Una de las dimensiones más universalmente extendidas como modelo de mejor práctica de la Supply Chain Management en las últimas décadas ha sido la generación de relaciones sustentables de cooperación e integración entre empresas proveedoras y clientes.
Sin embargo, en la medida en que se fue aplicando en distintas cadenas y sectores, muchas compañías se han visto fuertemente afectadas en el logro de los resultados obtenidos, al quedar muy por debajo de los esperados para dicha práctica. De esta manera, se observa que las organizaciones que mejores resultados han obtenido en la gestión y relacionamiento de proveedores son aquellas que no tienen un patrón de comportamiento determinado, sino por el contrario, las que adoptan una capacidad de relacionamiento dinámico buscando un adecuado balanceo y alineación en las variables de suministro y contexto.

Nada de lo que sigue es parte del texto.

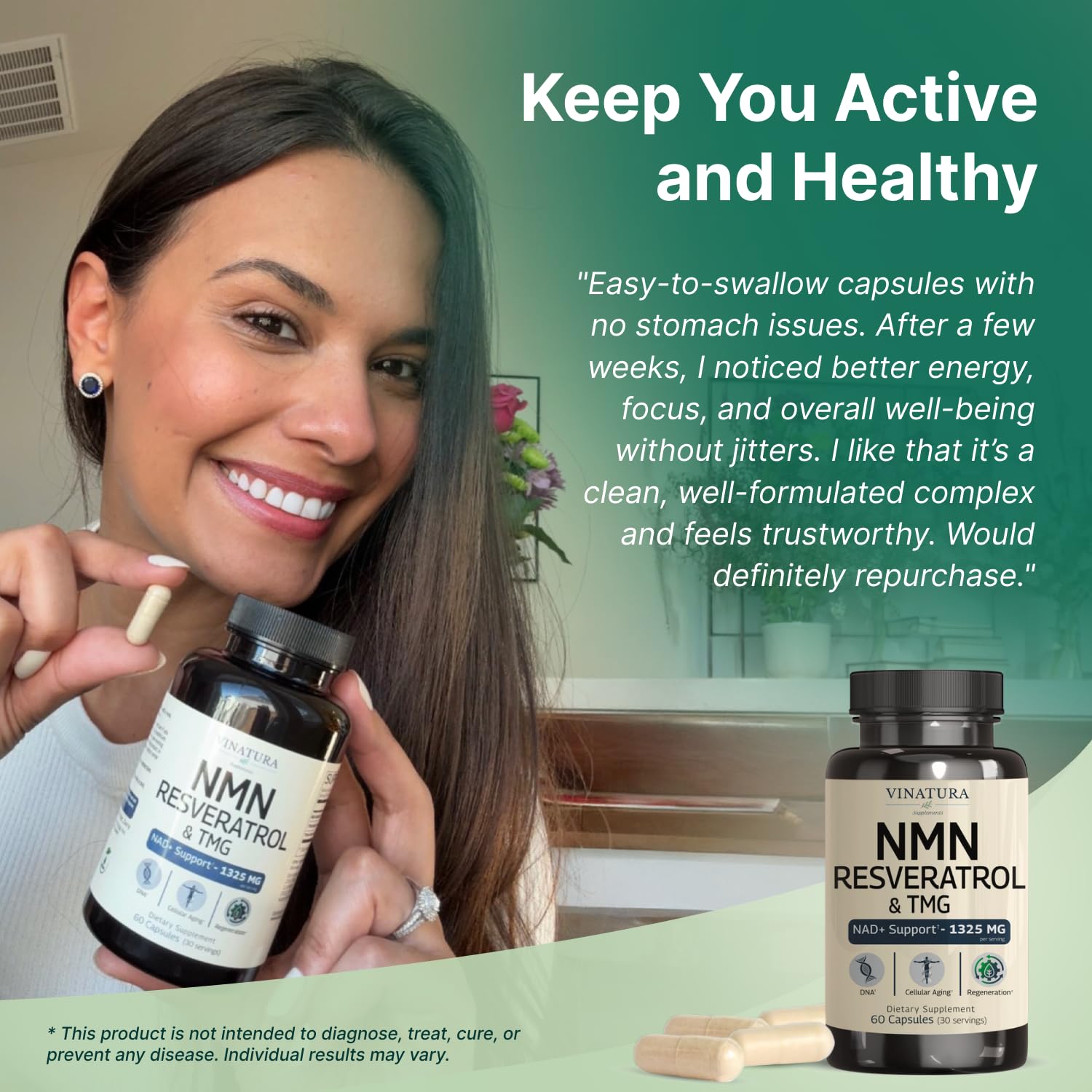 VINATURA NMN Complex Supplement 1325MG - NMN 1000mg with Resveratrol and TMG, Support NAD+, 60 Capsules VINATURA buy supplements canada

En ese sentido, este artículo desarrolla distintos modelos de relacionamiento, particularmente aguas arriba de la cadena ("up-stream"), profundizando en las limitaciones y en las variables de influencia relevantes al elegir unos u otros, y sobre todo, reflexionando en su significado e impacto a la luz de las realidades de contexto y entorno.
Relaciones Competitivas
A primera vista, este tipo de relaciones en el tratamiento y negociación con proveedores parece poco recomendado. Sin embargo, si pensamos en suministros o insumos en mercados abiertos fuertemente competitivos y poco diferenciados como son los commodities, parecería ser que aquellas metodologías de relacionamiento que favorezcan la competencia entre proveedores potenciales con procesos explícitos de control y seguimiento de desempeño ex post fueran las más apropiadas.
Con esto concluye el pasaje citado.